Five years later, though, and House of the Dragon is still withholding the “more.” Its second season was the definition of a stall tactic — sure, there were battles, but none with any of the escalation or momentum that fans expected after so much table setting. Much like the dueling queens at its center, the series seemed loath to go to battle at all. It kept its most volatile (and entertaining) warriors locked in imaginary purgatories. It murdered the momentum of its emotional bombshells. And, most damningly, the credits rolled just as it was coming up to its most anticipated conflict, the Battle of the Gullet.
Rhaenyra makes another bold play for the throne.
All that leaves House of the Dragon to finally cut to the chase in its third, penultimate season — with the endgame in sight, there’s no better time to guide the series back towards the hard-and-fast action that fans have been holding out for. Season 3 starts strong with blistering bloodshed, but it also affirms that its quiet cliffhanger in Season 2 wasn’t a mistake. The Targaryen-focused spinoff recommits to its downtempo pacing, straying even farther from the formula of its mothership series. And unlike its last chapter, it does so confidently, stepping into its destiny and out of Thrones’ shadow.
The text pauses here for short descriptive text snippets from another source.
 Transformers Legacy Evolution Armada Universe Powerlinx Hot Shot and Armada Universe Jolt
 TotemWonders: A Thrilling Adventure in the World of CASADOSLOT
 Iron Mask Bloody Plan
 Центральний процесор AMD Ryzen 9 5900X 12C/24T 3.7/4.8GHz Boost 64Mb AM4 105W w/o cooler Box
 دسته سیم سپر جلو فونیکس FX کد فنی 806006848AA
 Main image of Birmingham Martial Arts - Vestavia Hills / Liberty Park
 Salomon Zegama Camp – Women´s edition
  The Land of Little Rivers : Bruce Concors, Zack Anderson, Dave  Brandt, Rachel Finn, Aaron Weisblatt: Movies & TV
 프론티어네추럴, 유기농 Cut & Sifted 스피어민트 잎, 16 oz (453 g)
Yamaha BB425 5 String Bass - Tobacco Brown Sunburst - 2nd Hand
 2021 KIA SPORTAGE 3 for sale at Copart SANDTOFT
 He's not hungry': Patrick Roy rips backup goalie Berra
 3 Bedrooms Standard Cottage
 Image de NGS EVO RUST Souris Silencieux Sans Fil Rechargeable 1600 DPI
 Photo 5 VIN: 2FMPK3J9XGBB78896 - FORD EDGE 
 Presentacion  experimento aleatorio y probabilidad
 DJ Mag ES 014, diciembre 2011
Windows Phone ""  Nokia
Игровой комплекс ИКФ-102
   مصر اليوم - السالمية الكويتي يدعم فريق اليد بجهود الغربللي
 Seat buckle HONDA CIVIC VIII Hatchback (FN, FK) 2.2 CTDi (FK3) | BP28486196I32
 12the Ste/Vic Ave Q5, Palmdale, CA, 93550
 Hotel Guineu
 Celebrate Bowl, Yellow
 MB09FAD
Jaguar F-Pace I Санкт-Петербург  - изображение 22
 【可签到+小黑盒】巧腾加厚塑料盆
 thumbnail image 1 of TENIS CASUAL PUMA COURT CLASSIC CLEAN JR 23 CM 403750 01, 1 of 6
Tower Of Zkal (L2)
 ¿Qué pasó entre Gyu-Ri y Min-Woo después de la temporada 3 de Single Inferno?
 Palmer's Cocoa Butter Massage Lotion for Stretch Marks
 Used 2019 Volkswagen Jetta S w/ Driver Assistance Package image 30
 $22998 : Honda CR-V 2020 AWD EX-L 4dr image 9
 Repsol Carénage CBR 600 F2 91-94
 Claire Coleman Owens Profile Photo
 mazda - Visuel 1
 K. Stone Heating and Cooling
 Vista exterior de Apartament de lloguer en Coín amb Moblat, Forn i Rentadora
It’s difficult to talk about all the ways that House of the Dragon stands its ground this season without brushing against the third rail that is its spoiler list. As the show dives into the Battle of the Gullet practically straightaway and majorly resets the board, it could all technically be off-limits. For now, let’s just say this: the series, co-created by Ryan Condal and Thrones author George R.R. Martin, has always been less interested in action than the consequences it reaps. That means that the battle, famed as it is for its bloodiness, doesn’t really revel in it. There’s a restless bent to its pacing that never touches House of the Dragon’s quieter scenes. In the moment, it’s compelling enough — thanks in great part to the brusquely charming Sharako Lohar (Abigail Thorne, finally getting the spotlight again), who fights on behalf of King Aegon II (Tom Glynn-Carney). But the thrill of swords clashing and ships careening into enemy hulls comes second to the dread that each reckless decision inspires, and the grief it strikes in the survivors.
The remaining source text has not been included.